THE RECORDS →

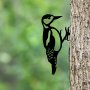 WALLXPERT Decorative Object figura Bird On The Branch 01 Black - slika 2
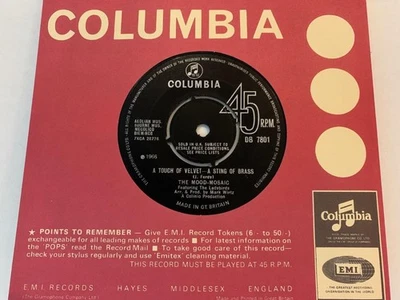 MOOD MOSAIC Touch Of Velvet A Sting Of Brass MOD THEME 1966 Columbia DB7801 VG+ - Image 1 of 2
==
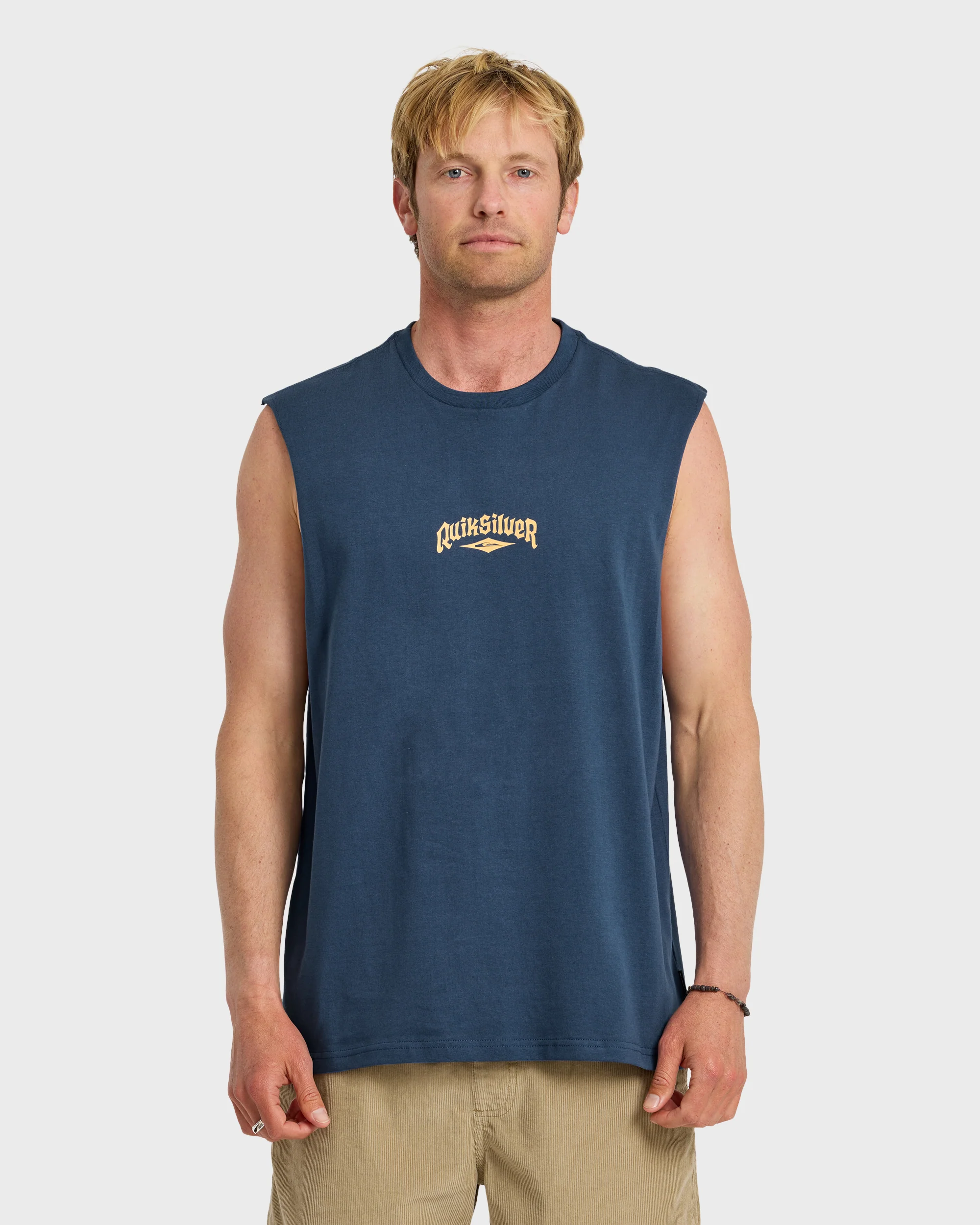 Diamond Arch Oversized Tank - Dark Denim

WORK REQUEST → Going back to the data above, write out everything from the line with "WALLXPERT Decorative Object" down to the line with "MOOD MOSAIC Touch", both included, leaving every picture out.

TASK OUTPUT →
 WALLXPERT Decorative Object figura Bird On The Branch 01 Black - slika 2
 MOOD MOSAIC Touch Of Velvet A Sting Of Brass MOD THEME 1966 Columbia DB7801 VG+ - Image 1 of 2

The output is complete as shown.